In many ways, this film is perfect: It is impeccably cast, gorgeously shot, with a spot-on original score.

It is also a brave and interesting film, for a number of reasons - above all because it takes cowardice as its theme, and explores it deeply with an unflinching eye. We see an awful lot of films about bravery, heroism, people risking everything for the sake of others or to Do The Right Thing; the flipside is seldom explored, and it doesn't make comfortable viewing.

Our protagonists here are thoroughly decent people, getting on with what they feel sort of obliged to be doing, but never quite having the courage to do what they really should do. With hindsight, it seems perfectly obvious that it was a grievous mistake to encourage Nazi Germany to re-arm and become a major player in Europe, however ungentlemanly it was to cripple the country at the end of World War One; Lord Darlington's refusal to face up to what was happening smacks of moral cowardice. From outside, too, it seems clear that Hopkins and Thompson are foolish not to just admit they're in love. In spite of this, and in spite of the fact that it seems more and more likely that the characters in question know what they should really do, every one of them is altogether sympathetic. The film is not here to judge; only to probe the devastation that can follow when people allow fear (and a misplaced sense of duty) to hold them back from doing what they should.

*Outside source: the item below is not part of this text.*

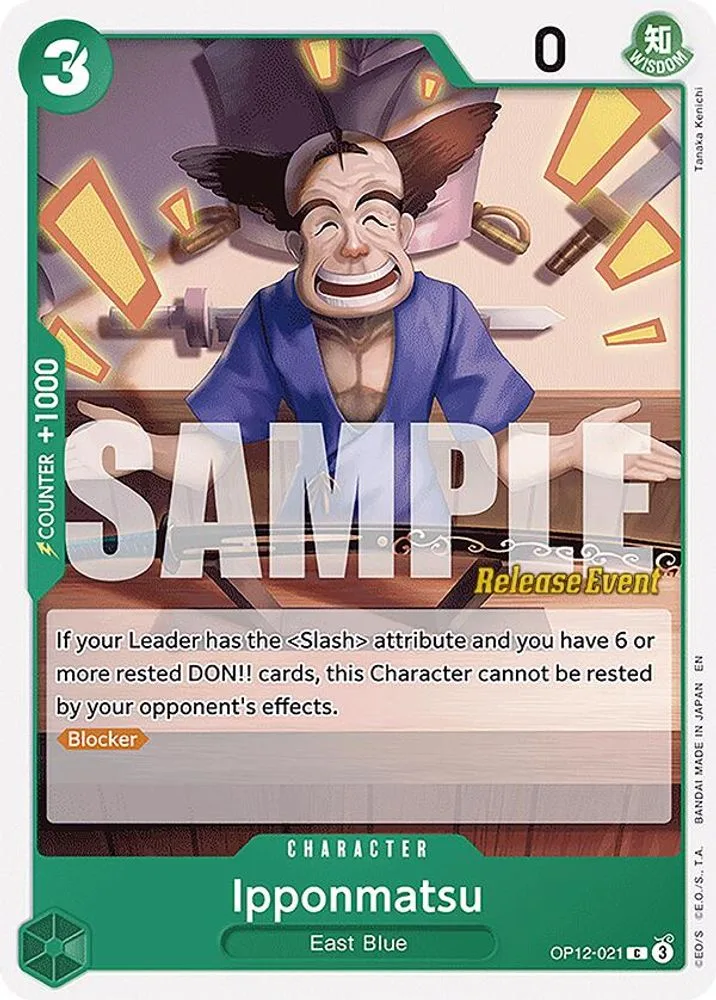 Ipponmatsu (Release Event)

I started out by saying that in many ways this film is perfect. There is no mistaking that it faultlessly achieves what it set out to do; this is serious art, executed with great style, with the two main leads giving devastating performances. Precisely because it tackles its themes so expertly, so convincingly, it is also a rather upsetting and profoundly frustrating film. It makes us care very much about these people, and we keep desperately wanting them to make things go right... but life just isn't always like that, you know?

I first posted this on IMDb, and experimentally on Knol.